Authors: Piers Anthony
*
They were almost to the Barrens when Jac felt his head fully clear. Turning to Heeto riding beside him, he addressed the matter he had not quite understood. “That white light—what was it, and how did it happen?”
Heeto yanked his horse’s reins so hard he almost tumbled from the saddle. His face was stricken, as was his voice. “Oh, Master, I forgot it! It worked, Master. I’m sure it worked! Only I’m not sure what it did or why! I pointed it, I pressed the trigger, and… and then there was the light.”
“Lord!” Jac said. He tried to digest this. “The Mouvar weapon—where is it now?”
“Where we were, Master. At the cliffs. Inside the tunnel.”
“Lord!” Jac repeated. He shook his head. “It had to have been that! Because after that flash, the serpent changed. Maybe that weapon didn’t work on a bearver, but the serpents are different; they carry captive spirits.” He shook his head, hardly believing what he was saying. Was he raving? “We’re going to have to get it. It could be the answer to everything. If it works, we may have the answer to flopears and Rowforth!”
“We can’t go back now, Master. The sun is up.”
“Yes, it is, isn’t it.” He let the fact infiltrate his consciousness. Day made things so much clearer—usually. But the revelations he was experiencing, assuming they made any sense at all… “If we go back now, they’ll get us. So we won’t do it now. We’ll do it as soon as we safely can.” Which meant evening or night.
They rode on toward the camp, following their faint trail through the Barrens. That was as familiar to both as though marked with signs, but anyone else would not find it at all.
When they arrived, there was confirmation: Kian and Lonny in front of his tent, standing hand in hand, without question alive.
There went perhaps his last hope to win Lonny. But somehow the pain was less now. He was glad to have her alive—and a new horizon was opening on his activity.

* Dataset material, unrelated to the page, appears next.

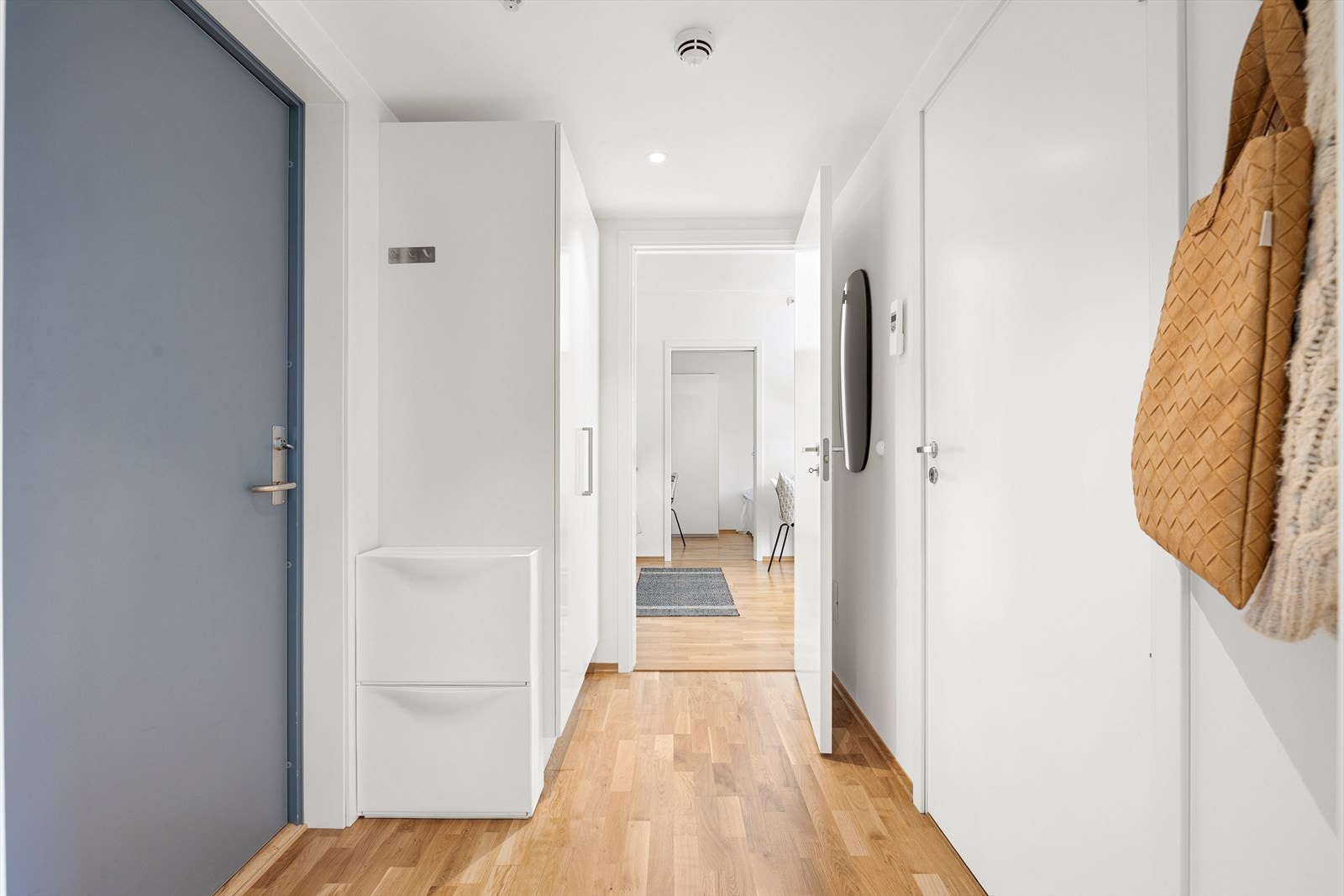 Leiligheten disponerer en ekstern bod i kjeller på 8 m² hvor det er god plass til oppbevaring av fritidsutstyr, ski m.m. Galleribilde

Even as Jac hailed them he was already making plans for the recovery of the weapon that had worked so strangely to rescue them.
Chapter 15
Ambush
JAC DREW LINES IN the sand with a stick and motioned everyone around. It was battle plan time, and all his men—all fifty-six, including Heeto and of course the newcomers, Kian and Lonny—were grouped outside his tent.
“We’ll have to do it this way.” His finger pointed out the spot on his crude map. “Right here on the main road where you lost your way, Kian. We’ll hide behind the trees and wait. Smith,” he said to the man behind him, “you’re the best crossbowman, so we’ll station you in a tree where you can take out the leader. Take the leader out as soon as they offer resistance, and we may have a chance. If the flopears don’t get to us first.”
Kian felt constrained to speak. He had been mentally counting their numbers since they came outside and guessing at the number of troops he had seen and the number of flopears nearby. “I can’t be certain this is the route they will take. I only know what I heard in the palace. By the way, that was my last dragonberry. If we don’t win and you haven’t got dragonberries growing here, that’s the end of astraling.”
“Yes, you’re right, it’s our only chance,” Jac agreed. “Then, when the fighting is heaviest—and there’ll be fighting, make up your mind to it!—maybe Heeto and I can get back to that tunnel and get back your Mouvar weapon.”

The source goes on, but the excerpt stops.